Pour Steffi Jones, l'aventure s'arrête d'abord pour des raisons sportives. A l'issue de l'élimination de l'Allemagne en quart-de-finale du dernier Euro, Jones aurait pu, à l'instar d'Olivier Echouafni en France, prendre la porte. À l'époque, le président de la fédération allemande Rheinard Grindel, avait renoncé à un changement de coach constatant notamment que « l'équipe était derrière elle ». Un soutien des joueuses qui aurait donc assuré un sursis à la sélectionneuse et ancienne internationale allemande.

Les mois qui ont suivi ont conforté les dirigeants de la fédération allemande dans leur volonté de tourner la page. La défaite historique face à l'Islande en éliminatoires de la Coupe du monde puis la quatrième place de l'Allemagne lors de la SheBelieves Cup 2018 ont scellé le sort de Steffi Jones.

Un tournoi américain où le bilan est pourtant plus contrasté, avec des blessures qui ont miné le secteur défensif allemand : Babett Peter blessée lors du premier match face aux États-Unis, Leonie Maier laissée sur le banc face à l'Angleterre et la France, deux joueuses habituellement titulaires. On peut ajouter les absences de Kristin Demann, Carolin Simon ou encore Simone Laudehr qui peut jouer au milieu et en défense.

Pour le dernier match face à la France, Steffi Jones avait semblé vouloir préserver son effectif à la fois de par le contenu du match avec une Allemagne plus ''timide'' qu'à l'accoutumée mais aussi avec le choix de faire évoluer des joueuses comme Johanna Elsig, Sara Doorsoun, Léa Schüller ou Jacqueline Klasen entrée à la mi-temps.
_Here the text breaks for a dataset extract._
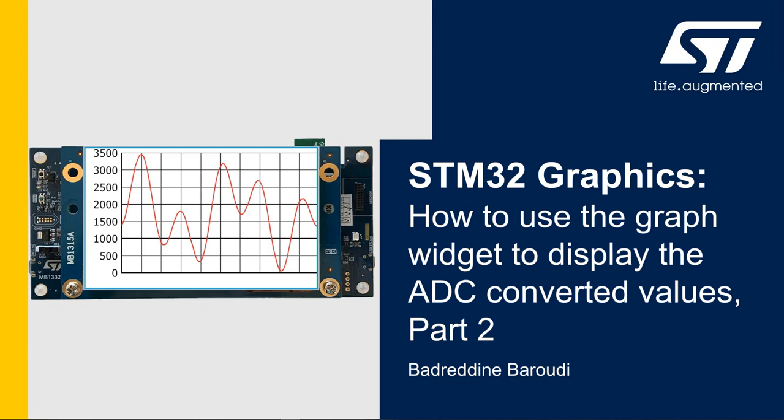Hello and welcome to this presentation. My name is Bedridin, and in this video we'll learn how to use the graph widget to display the ADC converted values. In the first part of this video we learned how to set up the graph widget in GFX Designer. In this second part we'll see how to set up the ADC and pass the converted values to the graph widget.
Le meilleur match de l'Allemagne dans ce tournoi avait été signé face à l'Angleterre au niveau du contenu (nul 2-2), malgré une faiblesse évidente en défense face au jeu direct anglais.
 

Un management en question

Steffi Jones a-t-elle joué à fond le match suivant face à la France ? Ces choix lui ont en tout cas coûté sa place. Ironie du sort, Corinne Diacre apparaissait dans une position inconfortable après la défaite 4-1 face à l'Angleterre, un match où elle avait de nouveau fait des ''essais'' dans la composition et l'animation proposée par son équipe. Face aux États-Unis et à l'Allemagne, on était plus proche d'une ''équipe-type'' avec surtout un onze stable entre les deux matches. Un choix qui a notamment permis aux Bleues de faire oublier leur entrée en matière compliquée.

Au-delà de ses choix, Steffi Jones a peut-être aussi payé les polémiques hors du terrain et notamment celle provoquée par la non-sélection de Lena Goessling en novembre dernier. Au-delà des responsabilités, cette épisode a participé à fragiliser la sélectionneuse allemande, contestée ouvertement par Goessling avec le relais des médias allemands.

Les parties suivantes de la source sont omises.